Devlin surprised her by taking her hand in his and setting it palm down on his thigh. He kept his hand over it. She wondered if he had done it deliberately. To convince his sisters that he felt some regard for his betrothed, perhaps? It did not matter. She turned her head to smile at his stern profile.
* * *
—
Sidney Johnson and Edwina Rutledge had already taught the steps of the waltz to the regular group of maypole dancers. They were all dressed as though for a performance, Devlin was interested to find, the women in their pastel-shaded dresses, the men with shirts to match. The garlands for the women’s hair were absent, however. Sidney and Edwina awaited the raw recruits, of whom there were several. And no one was to be without an experienced partner. Sidney had it all organized.
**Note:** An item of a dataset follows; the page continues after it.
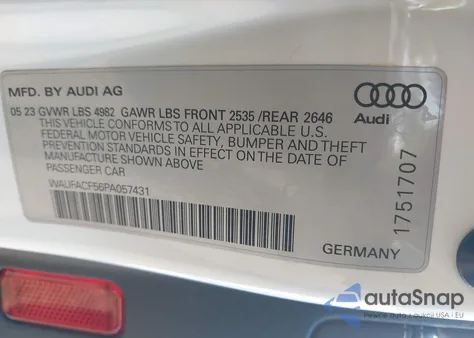 2023 Audi A5 Sportback Premium Plus 45 Tfsi S Line Quattro S Tronic из США, поврежденный, VIN WAUFACF56PA057431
Sidney himself would dance with Philippa, Bradley Danver (Owen’s friend from the vicarage) with Stephanie, Clarence Ware with Gwyneth. It was all very satisfactory to Devlin, who had agreed to come as an escort for Stephanie and had been prepared to dance with her if absolutely necessary. It was not going to be necessary, however. Everyone had a partner. Except—
“I need not be a wallflower after all, Sidney,” Sally Holland, looking pretty in her peach dress, called. “Here is the Earl of Stratton cowering in the corner. Looking ferociously military. I can remember you once dancing about the maypole, Devlin, and doing a creditable job of it. Waltzing is far less intimidating. I will show you.”
He was given no choice in the matter. She was standing before him, the blacksmith’s daughter, grinning mischievously, her hand outstretched for his. The other couples had all turned their heads to watch. The fiddlers were waiting to begin playing. Devlin, it seemed, was about to learn to waltz. Which did not bode well for tomorrow evening. Nothing boded well for tomorrow evening actually. Gwyneth had informed him on the way here that Sir Ifor had sent a notice of their betrothal to the morning papers in London and expected that it would be published on Monday. He had also had a word with Colonel Wexford in Boscombe this afternoon, sworn him to secrecy, and asked him in his capacity as master of ceremonies at the assembly to make the announcement there.